All of the data, word for word and free of pictures, is the expected result.
§ §
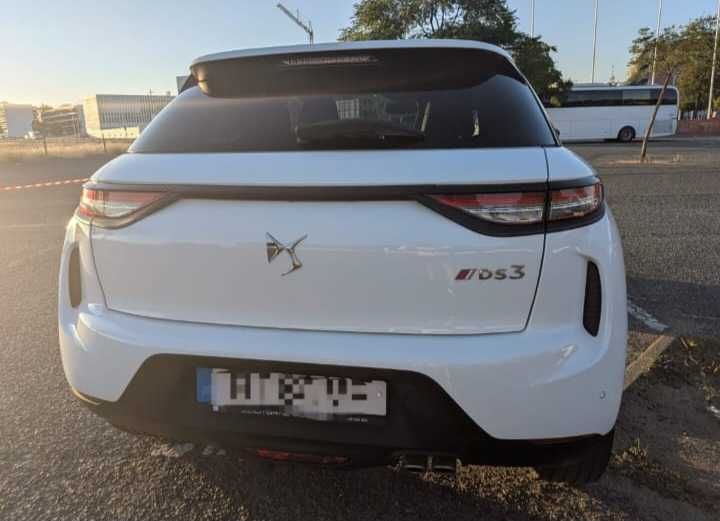 DS DS3 Crossback PureTech 130 Aut. PERFORMANCE LINE — photo 2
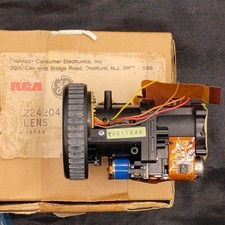 RCA 224204 12X video zoom lens AF/AE/AWB f 5.5-66mm 1:1.8 37 NOS vintage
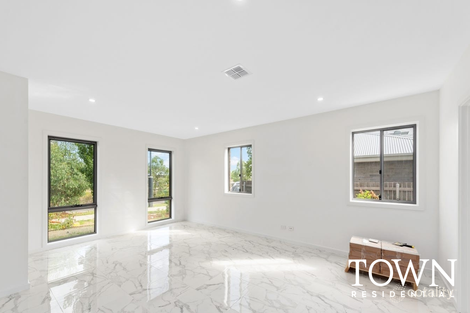 Property photo of 3 Rockley Parade Googong NSW 2620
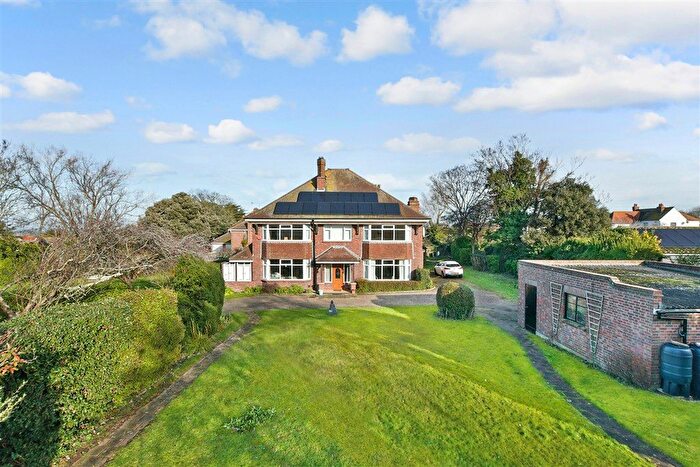 6 Bedroom Detached House For Sale In Kingsgate Avenue, Broadstairs, Kent, CT10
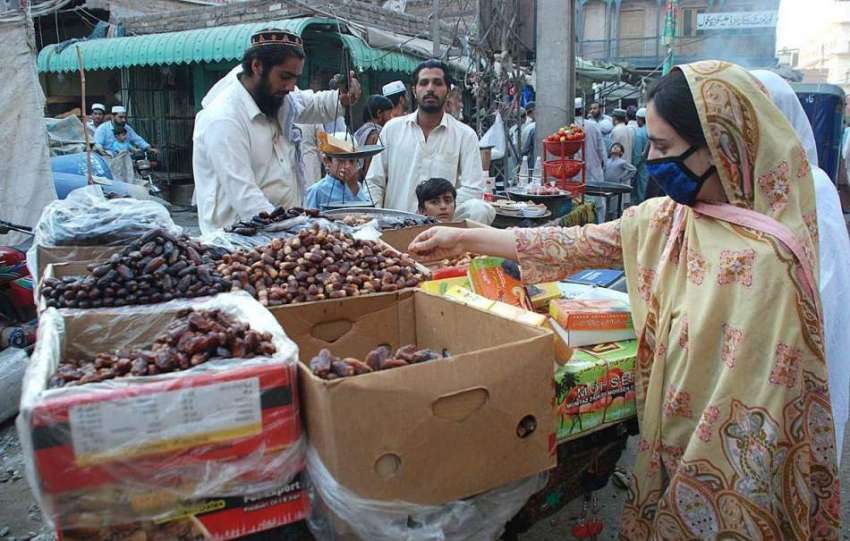 پشاور: ماہ رمضان کے موقع پر دکاندار کھجوریں فروخت کر رہاہے۔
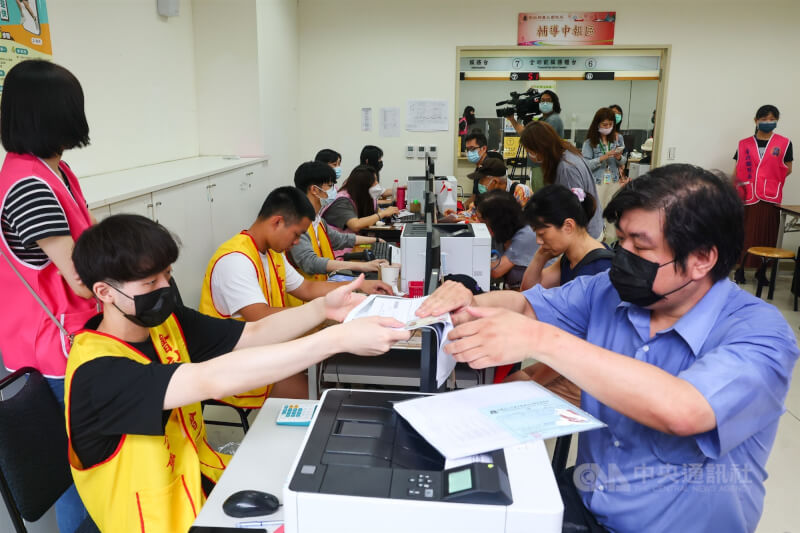 圖為民眾到台北國稅局中正分局臨櫃趕辦報稅。（中央社檔案照片）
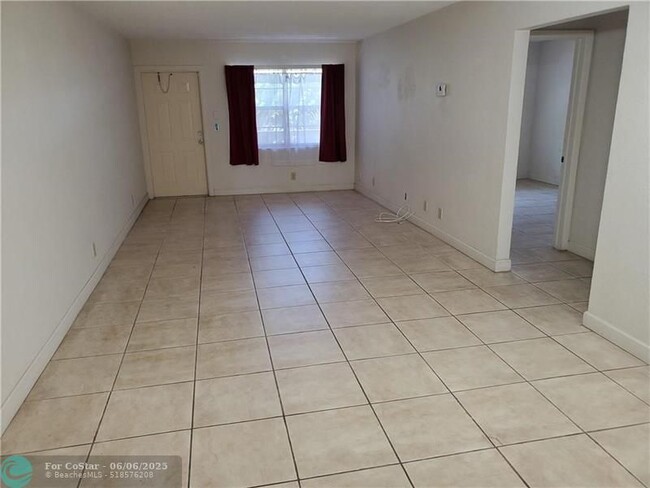 Photo - 2607 NE 8th Ave Unit 7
§ §
▶ **Answer to this problem**:
 DS DS3 Crossback PureTech 130 Aut. PERFORMANCE LINE — photo 2
 RCA 224204 12X video zoom lens AF/AE/AWB f 5.5-66mm 1:1.8 37 NOS vintage
 Property photo of 3 Rockley Parade Googong NSW 2620
 6 Bedroom Detached House For Sale In Kingsgate Avenue, Broadstairs, Kent, CT10
 پشاور: ماہ رمضان کے موقع پر دکاندار کھجوریں فروخت کر رہاہے۔
 圖為民眾到台北國稅局中正分局臨櫃趕辦報稅。（中央社檔案照片）
 Photo - 2607 NE 8th Ave Unit 7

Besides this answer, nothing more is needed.